**Prompt**
Output only the stretch of the listing that starts at the line containing "Decorative Large Oil" and ends at the line containing "Elegant Glitter Drips", reproduced exactly with both ends.

**Material supplied**
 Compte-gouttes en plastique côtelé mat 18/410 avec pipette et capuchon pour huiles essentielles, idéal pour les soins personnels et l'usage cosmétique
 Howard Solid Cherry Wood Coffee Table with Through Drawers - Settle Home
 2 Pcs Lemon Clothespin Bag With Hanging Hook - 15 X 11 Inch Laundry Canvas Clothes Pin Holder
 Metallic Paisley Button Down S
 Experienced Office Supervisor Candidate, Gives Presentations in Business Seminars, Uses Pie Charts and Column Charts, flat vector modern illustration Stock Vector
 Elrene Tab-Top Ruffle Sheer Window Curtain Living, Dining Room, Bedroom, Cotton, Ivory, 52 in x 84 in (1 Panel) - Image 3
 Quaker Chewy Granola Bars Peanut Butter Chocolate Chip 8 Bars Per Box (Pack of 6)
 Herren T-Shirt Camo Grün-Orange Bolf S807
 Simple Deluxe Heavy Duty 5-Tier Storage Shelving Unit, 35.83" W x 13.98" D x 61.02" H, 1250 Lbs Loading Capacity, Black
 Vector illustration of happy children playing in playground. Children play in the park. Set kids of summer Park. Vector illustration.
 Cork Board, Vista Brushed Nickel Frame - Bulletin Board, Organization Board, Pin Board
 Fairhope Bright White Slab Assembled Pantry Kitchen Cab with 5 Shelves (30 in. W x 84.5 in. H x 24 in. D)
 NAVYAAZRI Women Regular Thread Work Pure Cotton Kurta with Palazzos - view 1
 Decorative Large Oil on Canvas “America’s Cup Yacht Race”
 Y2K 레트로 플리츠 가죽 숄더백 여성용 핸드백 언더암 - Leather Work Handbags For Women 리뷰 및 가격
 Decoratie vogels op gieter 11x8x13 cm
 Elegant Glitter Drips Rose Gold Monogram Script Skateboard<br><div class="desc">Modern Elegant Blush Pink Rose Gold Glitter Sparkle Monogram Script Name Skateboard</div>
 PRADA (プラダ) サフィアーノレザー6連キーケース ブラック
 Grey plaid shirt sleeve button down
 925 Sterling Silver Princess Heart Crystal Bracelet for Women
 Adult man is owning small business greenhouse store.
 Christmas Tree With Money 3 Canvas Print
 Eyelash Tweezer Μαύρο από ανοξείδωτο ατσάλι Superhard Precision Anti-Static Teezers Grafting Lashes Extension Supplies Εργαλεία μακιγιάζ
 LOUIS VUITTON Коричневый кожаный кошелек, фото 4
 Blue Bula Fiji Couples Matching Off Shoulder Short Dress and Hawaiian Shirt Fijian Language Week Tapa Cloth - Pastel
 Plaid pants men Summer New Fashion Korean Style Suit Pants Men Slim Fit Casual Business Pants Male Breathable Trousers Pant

**Task solution**
 Decorative Large Oil on Canvas “America’s Cup Yacht Race”
 Y2K 레트로 플리츠 가죽 숄더백 여성용 핸드백 언더암 - Leather Work Handbags For Women 리뷰 및 가격
 Decoratie vogels op gieter 11x8x13 cm
 Elegant Glitter Drips Rose Gold Monogram Script Skateboard<br><div class="desc">Modern Elegant Blush Pink Rose Gold Glitter Sparkle Monogram Script Name Skateboard</div>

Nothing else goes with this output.